** Opening Data shown block **
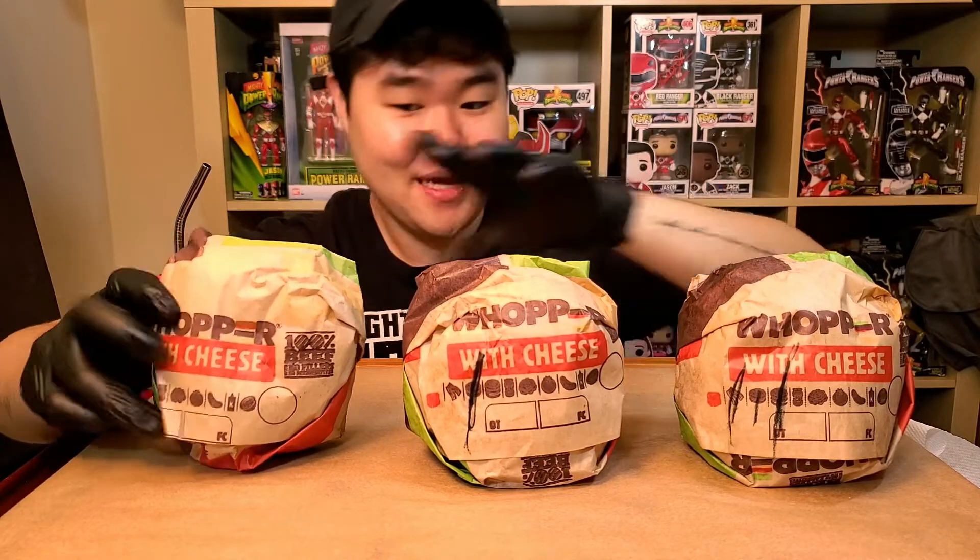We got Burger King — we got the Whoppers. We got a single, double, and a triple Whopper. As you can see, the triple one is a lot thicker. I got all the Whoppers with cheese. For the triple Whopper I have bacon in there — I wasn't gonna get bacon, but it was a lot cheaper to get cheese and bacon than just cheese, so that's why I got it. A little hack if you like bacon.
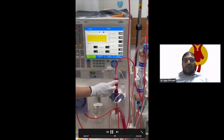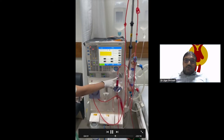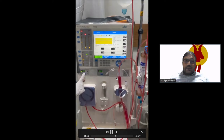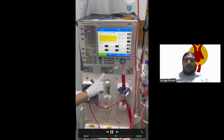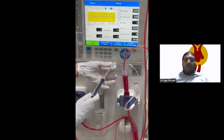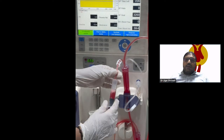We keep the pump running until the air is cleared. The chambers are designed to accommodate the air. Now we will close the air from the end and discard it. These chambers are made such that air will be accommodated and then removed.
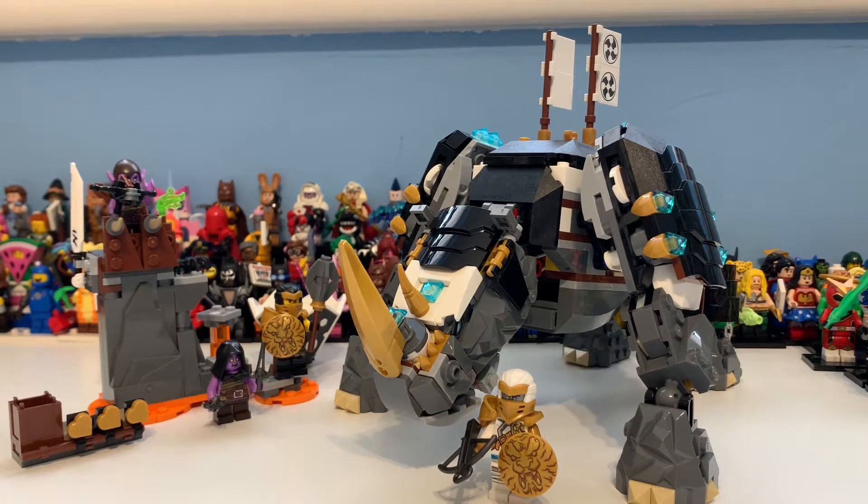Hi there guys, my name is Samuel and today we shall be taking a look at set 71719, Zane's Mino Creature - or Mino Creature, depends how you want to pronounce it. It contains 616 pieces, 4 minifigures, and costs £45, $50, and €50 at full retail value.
** Closing Data shown block **
→ **Assignment**: Would you copy out the material above exactly, without the pictures in it?

→ **Final answer**:
We got Burger King — we got the Whoppers. We got a single, double, and a triple Whopper. As you can see, the triple one is a lot thicker. I got all the Whoppers with cheese. For the triple Whopper I have bacon in there — I wasn't gonna get bacon, but it was a lot cheaper to get cheese and bacon than just cheese, so that's why I got it. A little hack if you like bacon.
We keep the pump running until the air is cleared. The chambers are designed to accommodate the air. Now we will close the air from the end and discard it. These chambers are made such that air will be accommodated and then removed.
Hi there guys, my name is Samuel and today we shall be taking a look at set 71719, Zane's Mino Creature - or Mino Creature, depends how you want to pronounce it. It contains 616 pieces, 4 minifigures, and costs £45, $50, and €50 at full retail value.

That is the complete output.